Submission of jobs mainly happens via the sbatch command using jobscript, but interactive jobs and node allocations are also possible using srun
or salloc
. Resource selecttion (e.g. number of nodes or cores) is handled via command parameters, or may be specified in the job script.
Partitions
To match your job requirements to the hardware you can choose among various partitions. Each partition has its own job queue. All available partitions and their corresponding walltime, core number, memory, CPU/GPU types are listed in Compute node partitions.
Parameters
Parameter | SBATCH flag | Comment |
---|---|---|
# nodes | -N <#> | |
# tasks | -n <#> | |
# tasks per node | #SBATCH –tasks-per-node <#> | Different defaults between mpirun and srun |
partition | -p <name> | example: standard96 ; check Compute Partitions |
# CPUs per task | -c <#> | interesting for OpenMP/Hybrid jobs |
Wall time limit | -t hh:mm:ss | |
–mail-type=ALL | See sbatch manpage for different types | |
Project/Account | -A | Specify project for NPL accounting |
Job Scripts
A job script can be any script that contains special instruction for Slurm. Most commonly used forms are shell scripts, such as bash or plain sh. But other scripting languages (e.g. Python, Perl, R) are also possible.
#!/bin/bash
#SBATCH -p medium40
#SBATCH -N 16
#SBATCH -t 06:00:00
module load impi
srun mybinary
The job scripts have to have a shebang line at the top, followed by the #SBATCH options. These #SBATCH comments have to be at the top, as Slurm stops scanning for them after the first non-comment non-whitespace line (e.g. an echo or variable declaration).
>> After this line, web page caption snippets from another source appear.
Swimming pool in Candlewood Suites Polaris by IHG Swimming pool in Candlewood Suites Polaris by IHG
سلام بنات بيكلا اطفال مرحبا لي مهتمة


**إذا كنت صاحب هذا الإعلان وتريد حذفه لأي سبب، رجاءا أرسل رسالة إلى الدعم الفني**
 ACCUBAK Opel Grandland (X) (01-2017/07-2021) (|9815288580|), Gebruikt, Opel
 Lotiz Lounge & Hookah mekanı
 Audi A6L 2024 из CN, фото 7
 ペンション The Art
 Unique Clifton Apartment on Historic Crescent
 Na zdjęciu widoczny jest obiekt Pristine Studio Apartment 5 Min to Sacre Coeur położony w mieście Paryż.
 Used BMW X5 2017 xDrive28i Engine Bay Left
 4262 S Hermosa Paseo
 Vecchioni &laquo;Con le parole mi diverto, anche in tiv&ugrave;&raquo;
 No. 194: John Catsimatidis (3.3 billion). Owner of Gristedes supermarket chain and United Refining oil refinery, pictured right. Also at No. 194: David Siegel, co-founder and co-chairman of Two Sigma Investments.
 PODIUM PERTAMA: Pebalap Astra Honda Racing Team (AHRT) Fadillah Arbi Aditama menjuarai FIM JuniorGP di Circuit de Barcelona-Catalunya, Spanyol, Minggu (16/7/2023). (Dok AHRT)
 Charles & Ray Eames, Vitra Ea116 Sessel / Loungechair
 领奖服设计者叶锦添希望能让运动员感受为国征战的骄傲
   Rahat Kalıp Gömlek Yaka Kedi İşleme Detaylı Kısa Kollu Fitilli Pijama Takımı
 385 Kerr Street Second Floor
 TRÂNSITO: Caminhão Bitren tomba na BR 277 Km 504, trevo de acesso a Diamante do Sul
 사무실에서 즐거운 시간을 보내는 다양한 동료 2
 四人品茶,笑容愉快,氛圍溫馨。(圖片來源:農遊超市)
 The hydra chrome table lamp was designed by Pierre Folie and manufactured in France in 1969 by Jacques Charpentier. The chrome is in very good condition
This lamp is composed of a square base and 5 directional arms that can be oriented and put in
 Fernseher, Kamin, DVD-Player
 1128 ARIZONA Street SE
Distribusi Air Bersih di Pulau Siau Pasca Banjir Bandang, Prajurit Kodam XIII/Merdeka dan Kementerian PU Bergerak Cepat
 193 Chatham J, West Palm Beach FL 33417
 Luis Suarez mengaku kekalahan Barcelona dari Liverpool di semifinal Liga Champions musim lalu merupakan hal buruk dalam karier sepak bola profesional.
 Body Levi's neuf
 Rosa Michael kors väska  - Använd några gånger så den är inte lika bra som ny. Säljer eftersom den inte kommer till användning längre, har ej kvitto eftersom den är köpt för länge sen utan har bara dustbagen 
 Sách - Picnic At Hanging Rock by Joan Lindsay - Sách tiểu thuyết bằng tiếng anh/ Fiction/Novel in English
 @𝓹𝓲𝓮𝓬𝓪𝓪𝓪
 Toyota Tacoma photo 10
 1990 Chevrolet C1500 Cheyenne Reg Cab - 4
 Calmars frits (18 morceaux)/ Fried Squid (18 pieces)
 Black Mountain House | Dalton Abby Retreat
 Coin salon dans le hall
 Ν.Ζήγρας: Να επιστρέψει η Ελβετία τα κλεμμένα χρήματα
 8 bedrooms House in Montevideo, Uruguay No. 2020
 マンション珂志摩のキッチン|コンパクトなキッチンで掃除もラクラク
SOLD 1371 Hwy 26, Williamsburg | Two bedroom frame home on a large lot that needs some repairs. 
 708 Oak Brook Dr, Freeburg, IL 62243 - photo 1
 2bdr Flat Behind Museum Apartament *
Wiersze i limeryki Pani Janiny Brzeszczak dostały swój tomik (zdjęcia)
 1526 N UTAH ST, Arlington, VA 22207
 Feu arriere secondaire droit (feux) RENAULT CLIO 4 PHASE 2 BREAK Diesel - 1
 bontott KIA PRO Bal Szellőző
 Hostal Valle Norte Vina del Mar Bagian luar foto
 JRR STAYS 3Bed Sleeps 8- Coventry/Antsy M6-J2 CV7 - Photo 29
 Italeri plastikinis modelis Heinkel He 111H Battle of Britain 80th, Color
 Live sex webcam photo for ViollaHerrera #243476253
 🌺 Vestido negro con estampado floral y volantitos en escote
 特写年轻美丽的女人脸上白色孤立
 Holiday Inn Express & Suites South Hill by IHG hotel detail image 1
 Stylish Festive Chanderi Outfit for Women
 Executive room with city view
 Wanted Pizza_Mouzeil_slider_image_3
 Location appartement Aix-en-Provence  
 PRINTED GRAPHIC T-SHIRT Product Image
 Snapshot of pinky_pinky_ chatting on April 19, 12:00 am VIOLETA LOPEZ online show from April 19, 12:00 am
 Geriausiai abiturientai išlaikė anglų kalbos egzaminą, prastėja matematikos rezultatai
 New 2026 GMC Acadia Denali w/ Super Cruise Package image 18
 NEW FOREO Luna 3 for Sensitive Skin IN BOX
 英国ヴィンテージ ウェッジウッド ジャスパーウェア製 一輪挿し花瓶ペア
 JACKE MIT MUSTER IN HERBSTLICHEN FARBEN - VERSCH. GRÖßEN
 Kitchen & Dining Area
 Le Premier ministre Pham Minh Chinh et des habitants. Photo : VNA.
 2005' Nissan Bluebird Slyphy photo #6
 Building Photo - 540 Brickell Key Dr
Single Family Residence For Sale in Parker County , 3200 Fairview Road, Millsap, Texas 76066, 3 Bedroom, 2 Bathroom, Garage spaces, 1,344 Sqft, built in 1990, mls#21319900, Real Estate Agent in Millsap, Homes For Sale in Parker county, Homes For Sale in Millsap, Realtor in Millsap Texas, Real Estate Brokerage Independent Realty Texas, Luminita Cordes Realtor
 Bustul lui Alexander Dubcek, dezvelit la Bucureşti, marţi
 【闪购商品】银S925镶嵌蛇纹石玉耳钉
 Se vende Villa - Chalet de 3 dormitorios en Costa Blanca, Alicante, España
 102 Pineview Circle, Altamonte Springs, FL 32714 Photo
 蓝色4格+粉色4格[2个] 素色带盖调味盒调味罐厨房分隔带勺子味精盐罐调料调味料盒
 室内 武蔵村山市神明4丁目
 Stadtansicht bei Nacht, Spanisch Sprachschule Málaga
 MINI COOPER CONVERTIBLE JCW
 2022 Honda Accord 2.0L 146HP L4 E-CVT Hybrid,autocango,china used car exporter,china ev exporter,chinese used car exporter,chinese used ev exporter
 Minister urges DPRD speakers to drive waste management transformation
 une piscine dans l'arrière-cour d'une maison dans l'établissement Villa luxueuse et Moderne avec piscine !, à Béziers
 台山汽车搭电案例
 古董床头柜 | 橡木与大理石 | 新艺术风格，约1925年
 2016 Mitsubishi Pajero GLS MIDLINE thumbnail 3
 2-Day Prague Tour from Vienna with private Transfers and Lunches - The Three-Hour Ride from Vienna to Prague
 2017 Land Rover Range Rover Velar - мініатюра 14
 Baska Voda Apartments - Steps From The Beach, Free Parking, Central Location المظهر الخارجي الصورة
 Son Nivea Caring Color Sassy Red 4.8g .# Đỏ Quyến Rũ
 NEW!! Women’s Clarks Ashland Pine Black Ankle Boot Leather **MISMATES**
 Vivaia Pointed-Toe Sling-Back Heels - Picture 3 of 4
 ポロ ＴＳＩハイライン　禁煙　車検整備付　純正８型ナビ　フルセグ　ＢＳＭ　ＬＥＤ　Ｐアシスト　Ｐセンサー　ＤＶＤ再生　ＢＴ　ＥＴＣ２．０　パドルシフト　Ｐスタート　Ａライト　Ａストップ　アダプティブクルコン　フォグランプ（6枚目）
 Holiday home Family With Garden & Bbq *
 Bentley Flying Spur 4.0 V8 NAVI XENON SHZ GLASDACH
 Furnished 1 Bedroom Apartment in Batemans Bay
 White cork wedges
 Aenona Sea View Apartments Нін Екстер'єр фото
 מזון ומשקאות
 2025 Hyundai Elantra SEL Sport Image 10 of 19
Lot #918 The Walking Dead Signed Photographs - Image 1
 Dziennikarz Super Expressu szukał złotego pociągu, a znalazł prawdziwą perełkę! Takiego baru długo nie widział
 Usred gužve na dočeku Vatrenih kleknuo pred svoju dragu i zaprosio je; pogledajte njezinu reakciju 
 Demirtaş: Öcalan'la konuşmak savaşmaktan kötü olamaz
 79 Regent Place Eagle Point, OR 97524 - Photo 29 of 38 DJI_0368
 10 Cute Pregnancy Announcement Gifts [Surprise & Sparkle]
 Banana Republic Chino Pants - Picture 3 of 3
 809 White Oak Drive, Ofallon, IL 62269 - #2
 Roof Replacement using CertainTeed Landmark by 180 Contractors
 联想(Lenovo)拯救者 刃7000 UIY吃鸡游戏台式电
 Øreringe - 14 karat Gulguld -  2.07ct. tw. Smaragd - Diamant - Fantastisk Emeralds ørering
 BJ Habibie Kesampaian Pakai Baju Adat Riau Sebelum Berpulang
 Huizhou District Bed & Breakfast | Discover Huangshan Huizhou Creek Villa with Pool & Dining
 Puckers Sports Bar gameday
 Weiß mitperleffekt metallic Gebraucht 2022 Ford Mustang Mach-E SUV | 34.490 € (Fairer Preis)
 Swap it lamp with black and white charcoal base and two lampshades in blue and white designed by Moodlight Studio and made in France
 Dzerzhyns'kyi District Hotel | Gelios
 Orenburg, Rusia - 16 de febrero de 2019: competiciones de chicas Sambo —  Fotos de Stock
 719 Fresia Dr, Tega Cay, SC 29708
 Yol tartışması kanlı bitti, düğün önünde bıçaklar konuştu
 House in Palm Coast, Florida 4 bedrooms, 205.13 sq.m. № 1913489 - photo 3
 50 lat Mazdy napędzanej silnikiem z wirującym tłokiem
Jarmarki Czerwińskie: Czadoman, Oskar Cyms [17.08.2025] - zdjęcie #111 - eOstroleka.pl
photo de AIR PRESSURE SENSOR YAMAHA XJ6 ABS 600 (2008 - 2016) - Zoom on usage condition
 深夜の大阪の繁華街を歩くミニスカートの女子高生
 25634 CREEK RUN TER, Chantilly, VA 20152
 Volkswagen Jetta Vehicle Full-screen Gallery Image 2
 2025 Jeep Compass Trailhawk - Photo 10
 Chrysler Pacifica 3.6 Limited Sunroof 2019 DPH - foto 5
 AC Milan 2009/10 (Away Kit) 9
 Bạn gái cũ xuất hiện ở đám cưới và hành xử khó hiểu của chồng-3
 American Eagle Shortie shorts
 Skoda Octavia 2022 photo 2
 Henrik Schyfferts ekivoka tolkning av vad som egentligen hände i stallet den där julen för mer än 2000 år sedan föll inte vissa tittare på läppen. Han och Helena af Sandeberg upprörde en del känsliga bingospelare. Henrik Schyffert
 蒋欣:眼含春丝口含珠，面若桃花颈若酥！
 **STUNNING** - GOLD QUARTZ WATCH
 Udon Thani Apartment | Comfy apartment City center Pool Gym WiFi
More examples can be found in the How To Use section.
Important slurm commands
The commands normally used for job control and management are
Job submission:
sbatch
srunJob status of a specific job:
squeue -j jobID for queues/running jobs
$ scontrol show job jobID for full job information (even after the job finished).Job cancellation:
scancel jobID
scancel -i -u $USER cancel all your jobs (-u $USER) but ask for every job (-i)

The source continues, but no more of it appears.